SPOTLIGHT VIDEO: Air Force Reservist Enables 96-Year-Old World War II Veteran To Fly Again
By J.M. Eddins Jr. // November 27, 2017
SPACE COAST DAILY TV SPECIAL PRESENTATION
ABOVE VIDEO: Air Force Reserve First Sergeant David Brown and 96-year-old World War II veteran Al Tucker started a friendship centered around a 70-year-old biplane. These two Airmen share their stories about how this aircraft shaped their merging destinies. (Pete Ising video)
In the summer of 2008, on a lush grass field in Bealeton, Virginia, Sue Tucker Brander approached the blue and yellow plane of her new friend, civilian pilot and Air Force Reservist David Brown. In her hand was a framed black and white photograph.
The photo showed a young man wearing a leather helmet and goggles in the rear cockpit of a biplane, his head down performing his preflight checks. At the bottom of the frame was written “Al Tucker, First Solo -1942.”
Brander pointed to Brown’s plane and said, “You know, my Daddy used to fly a plane just like that.”

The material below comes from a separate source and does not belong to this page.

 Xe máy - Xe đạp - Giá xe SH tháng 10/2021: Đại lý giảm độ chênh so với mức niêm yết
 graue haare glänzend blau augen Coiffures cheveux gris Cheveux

David Brown had been enthralled with airplanes since he was a kid in the 1960s and 70s being driven around Fauquier County, Virginia in his parents’ Buick LeSabre. He cannot remember a time when he was not dreaming of following his father into the U.S. Air Force and becoming a pilot.

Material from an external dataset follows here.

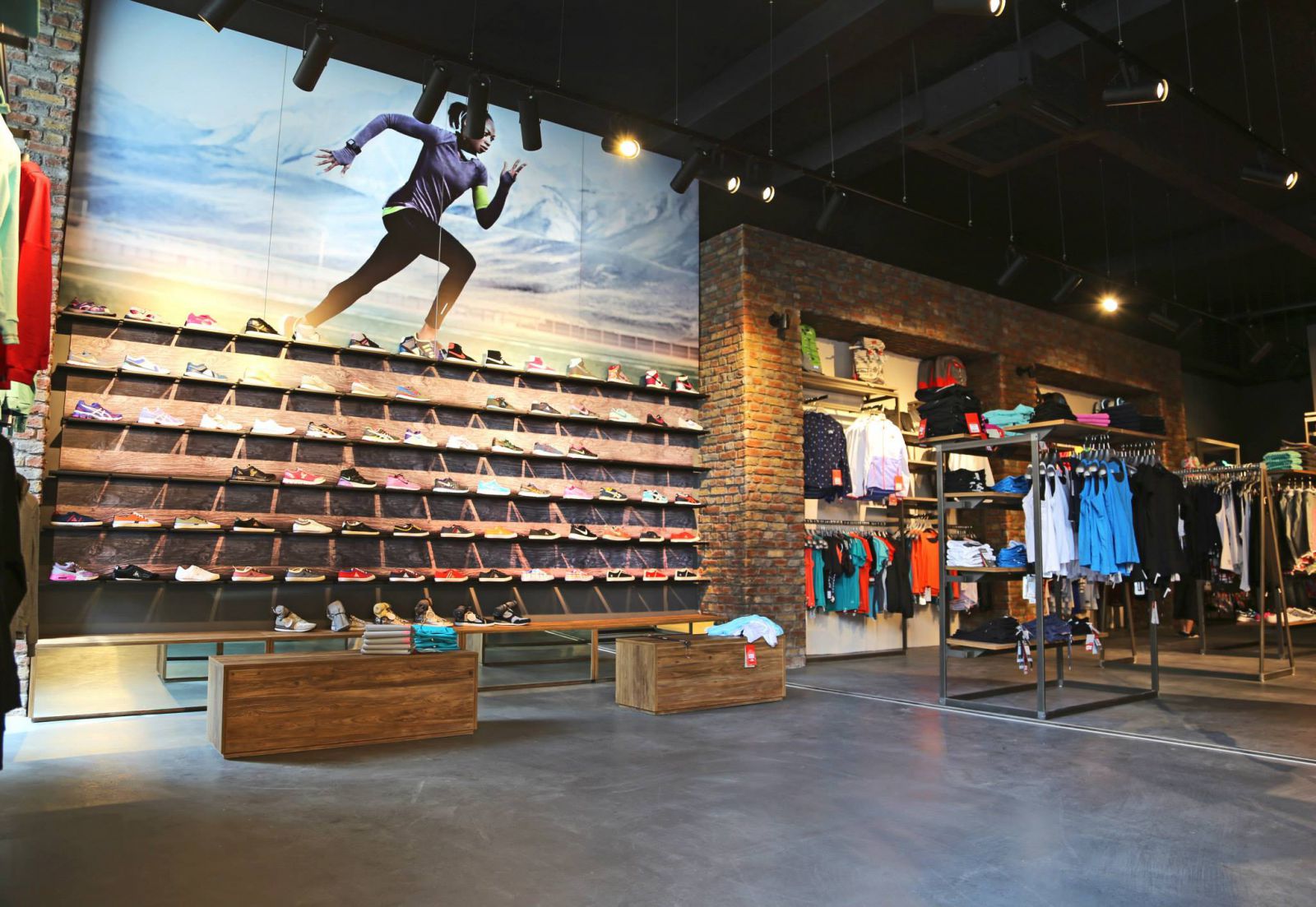 Public sports store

However, the aircraft that originally lifted his head into the clouds were not sleek jet fighters making vertical takeoffs in full afterburner or even the airliners he saw arriving or departing from nearby Dulles International Airport.
The plane that flew overhead was a PT-17 Stearman.
For Tucker, the biplane would be a steppingstone to fighter-jock glory, but he too was destined to loop back to where he began.